─── Excerpted records
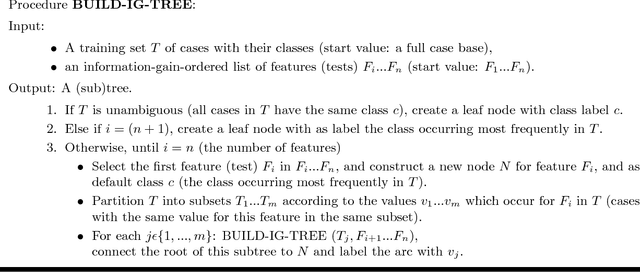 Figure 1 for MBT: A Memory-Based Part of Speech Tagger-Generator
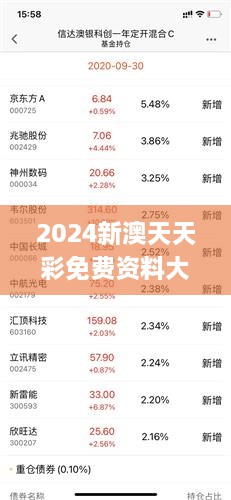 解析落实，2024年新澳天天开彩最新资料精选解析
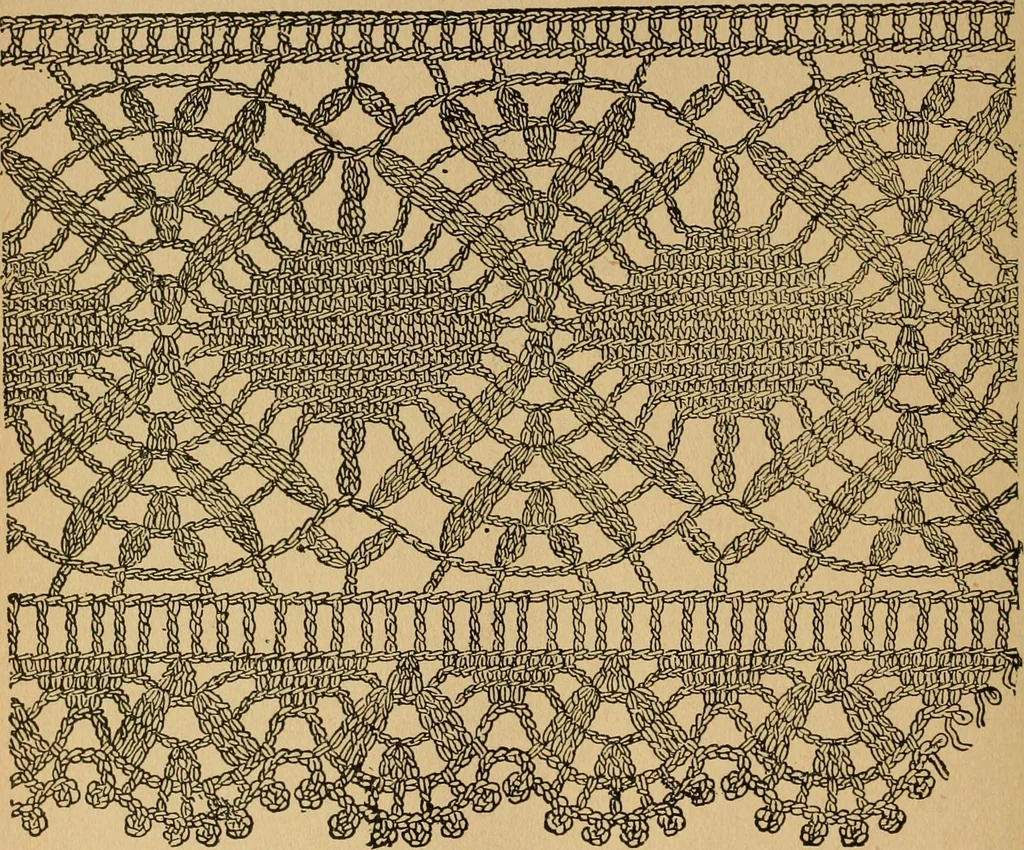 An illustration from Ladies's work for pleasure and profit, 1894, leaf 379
──────
─── Excerpted records
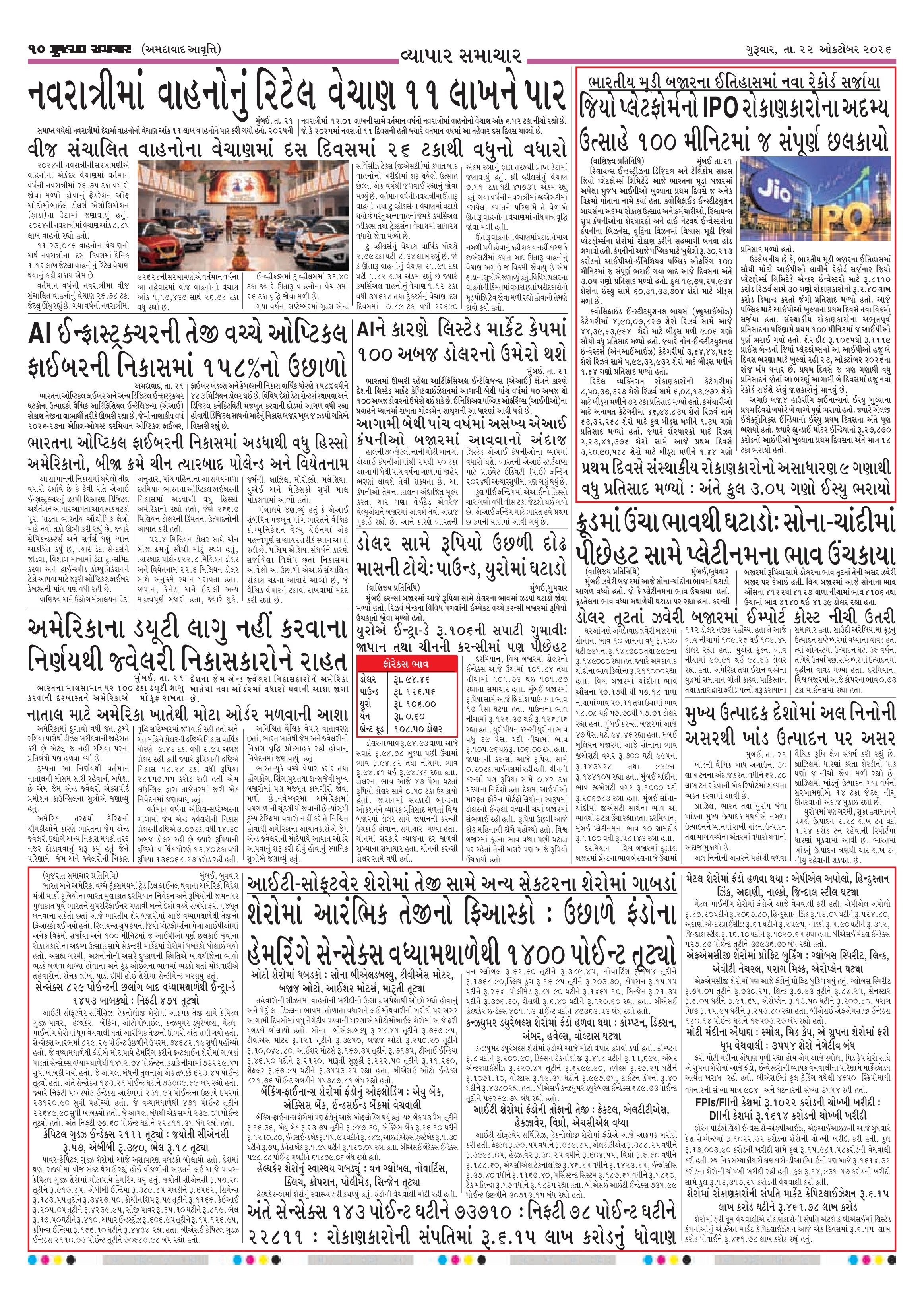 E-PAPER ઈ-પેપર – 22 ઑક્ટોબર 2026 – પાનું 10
──────
─── Excerpted records
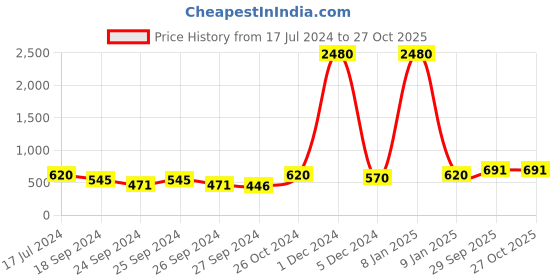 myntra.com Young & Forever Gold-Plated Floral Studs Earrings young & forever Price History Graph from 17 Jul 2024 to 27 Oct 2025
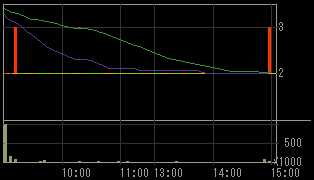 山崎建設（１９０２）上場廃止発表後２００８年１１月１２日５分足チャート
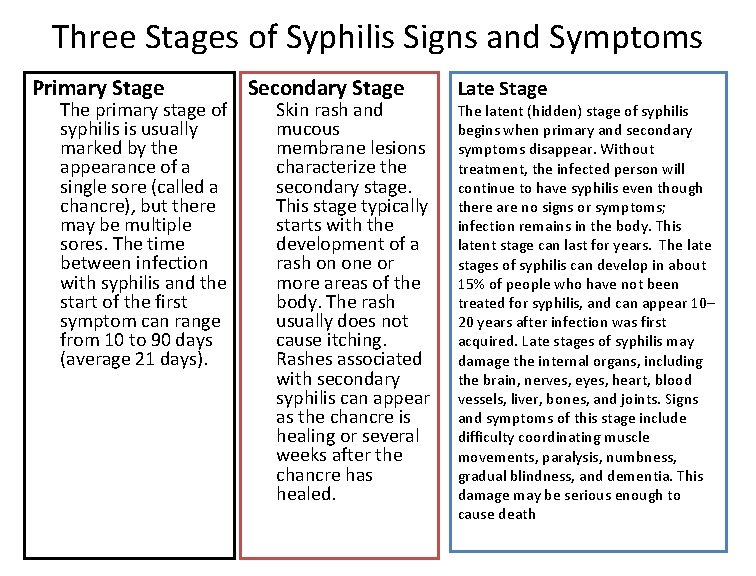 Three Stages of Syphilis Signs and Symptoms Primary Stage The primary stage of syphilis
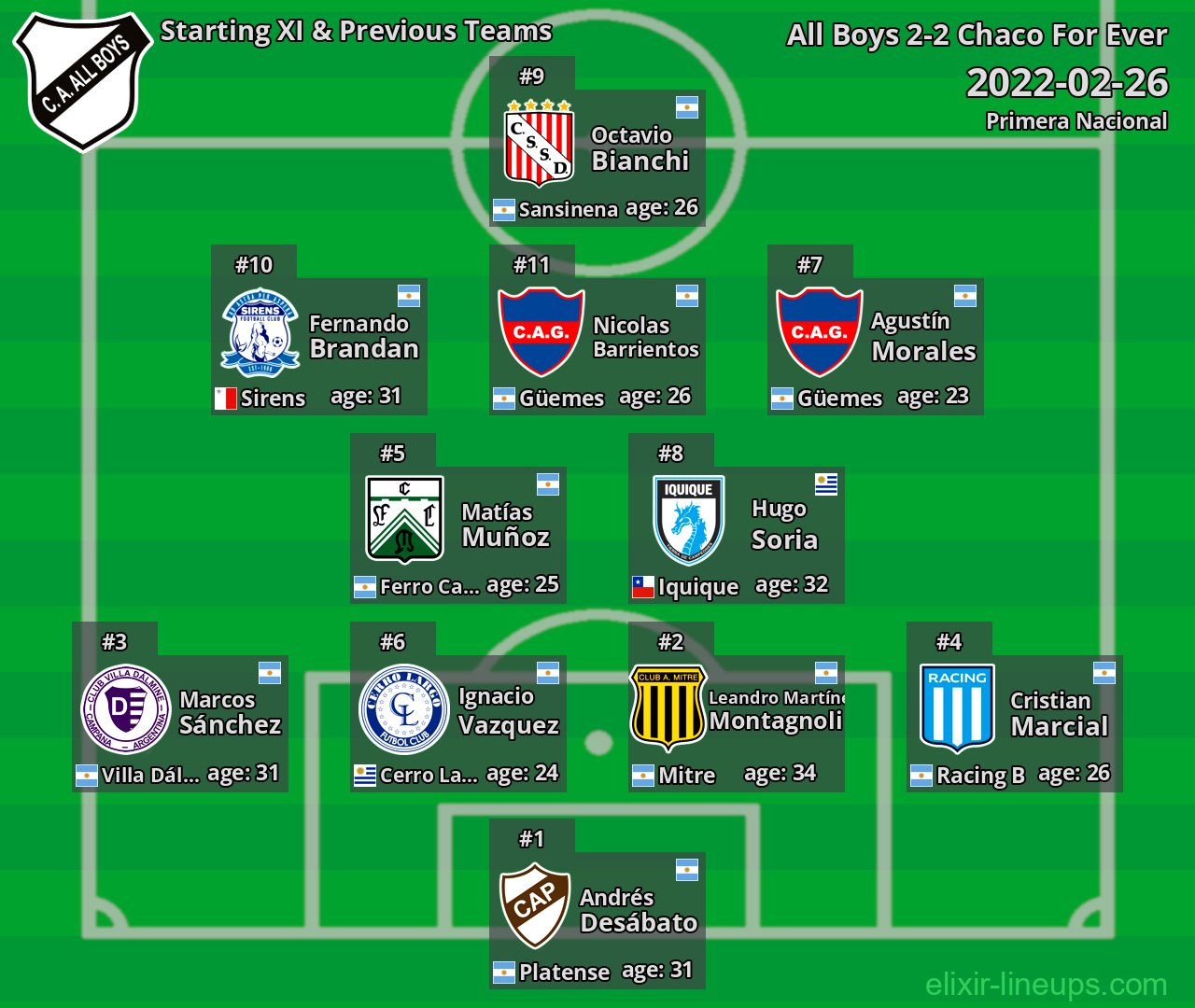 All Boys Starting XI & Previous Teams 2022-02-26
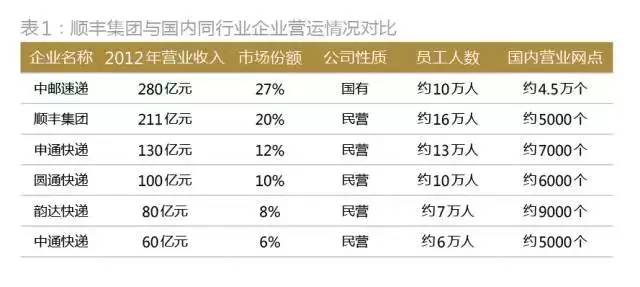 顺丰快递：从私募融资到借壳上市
──────
» Exercise:
Of the records above, print only the lines from the one containing "All Boys Starting" through the one containing "顺丰快递：从私募融资到借壳上市", inclusive and unaltered, leaving out pictures.

» Output for this exercise:
 All Boys Starting XI & Previous Teams 2022-02-26
 顺丰快递：从私募融资到借壳上市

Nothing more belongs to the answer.